[Gran Vía. Miguel Vivo]
Tal día como hoy, un 27 de febrero, hace 35 años, yo estaba, entrada la tarde, apostado en la barra del Bar Internacional, en plena Gran Vía de Murcia, dispuesto a cubrir un tramo de la manifestación contra el golpe del 23-F y por las libertades que, a la misma hora, se celebró en todas las capitales españolas. Retransmitimos aquel acontecimiento histórico, a través de la emisora de Radiocadena, un puñado de profesionales a los que dirigía alguien que la noche de la intentona se había sentado ante el micrófono dando vivas a la Constitución. Adolfo Fernández, como este sábado él mismo recuerda en una tribuna, en el diario ‘La Verdad’, fue el elegido por todos los partidos convocantes para leer el comunicado final de la gran marcha.
Como en aquellos tiempos nuestros medios técnicos eran más bien escasos, y a mí me asignaron cubrir el tramo que iba desde el final de la Gran Vía hasta la plaza de Santa Isabel, opté por dar mi crónica, en directo, desde el teléfono de aquel bar, ya como tantas otras cosas desaparecido. Cuando la cabeza de la manifestación se aproximaba a ese punto, en su interior había numerosa clientela, ajena por completo a lo que discurría por la puerta.

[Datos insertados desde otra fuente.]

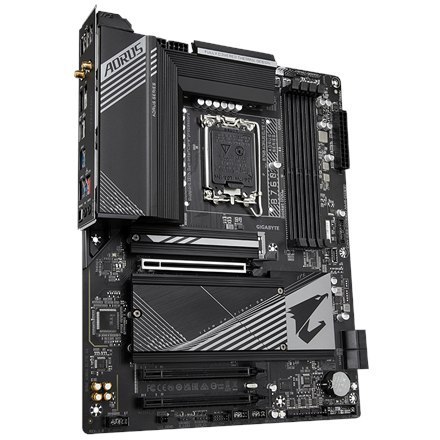Gigabyte | B760 AORUS ELITE AX 1.0 M/B | Rodzina procesorów Intel | Gniazdo procesora LGA1700 | DDR5 DIMM | Gniazda pamięci 4 |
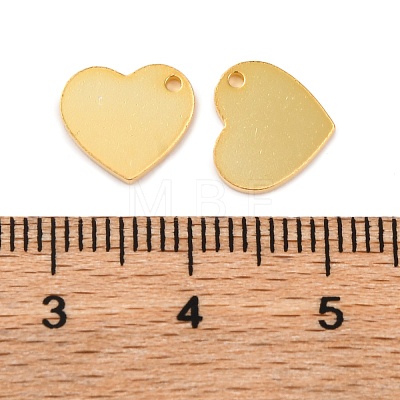 925 Sterling Silver Blank Heart Charms STER-F057-04G-1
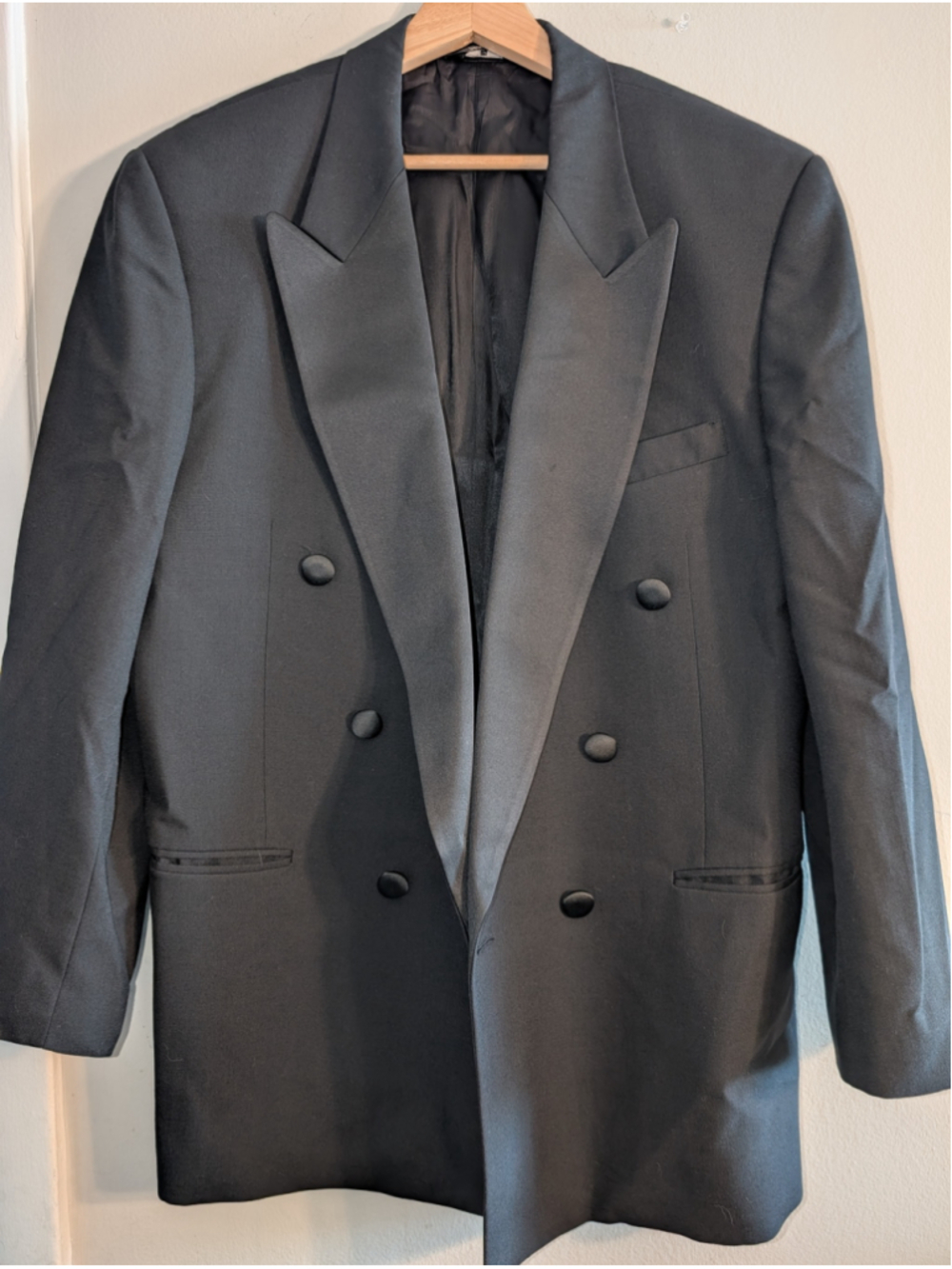 Perry Ellis Black Double-Breasted Tuxedo jacket, Mens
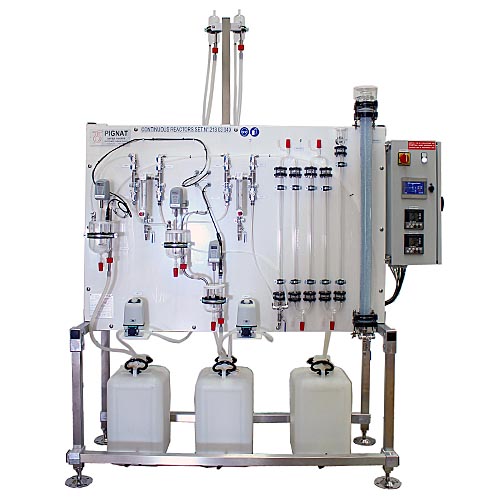 Réacteurs continus DTS/réaction – 4 modèles comparés avec instrumentation de mesure - Image 1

Y es que así era la España de 1981. El jaleo era propio del local donde nos encontrábamos, por lo que yo tenía serias dificultades para escuchar a mis compañeros, que me avisaban ya de mi inminente entrada en antena. En esto que me dirigí a uno de los camareros, veterano él y con oficio, y le expliqué mi agobiante situación. Aquel hombre, resuelto, de camisa blanca impoluta, palmeó tres veces y soltó un sonoro “¡Silencio!”. Los parroquianos lo miraron sorprendidos, al tiempo que alarmados, sin duda, por una cierta semejanza a los gritos proferidos desde la tribuna del Congreso, apenas cuatro días antes, por un bigotudo teniente coronel de la Guardia Civil. “Miren ustedes -les dijo con autoridad enérgica-. Este joven va a dar una crónica para la radio sobre la manifestación que pasa ahora por la puerta. Guarden silencio mientras habla, por favor”. Aquellas personas, de pronto, se quedaron silentes, dirigiendo la mayoría su mirada hacia donde me encontraba, lo que provocó que mi nerviosismo se acrecentara. El locutor que conducía el programa me dio paso desde los estudios, y yo solté mi soflama, que no debió durar más de minuto y medio. Al acabar, y luego de colgar el auricular, el silencio aún era perceptible. Lo que no podía esperar era que, segundos después, la clientela prorrumpiera con un aplauso sincero, como imaginé se ovacionaría a un tenor en La Scala de Milán, después de bordar con suficiencia notable su papel en Otello o Turandot. Y quise creer que, aunque las agradeciese de corazón, aquellas palmas no iban tanto dirigidas a mí, como a la admirable paciencia de eso que todos hemos dado en denominar el sentido y sufrido pueblo español, que tanto aguantó, aguanta y aguantará.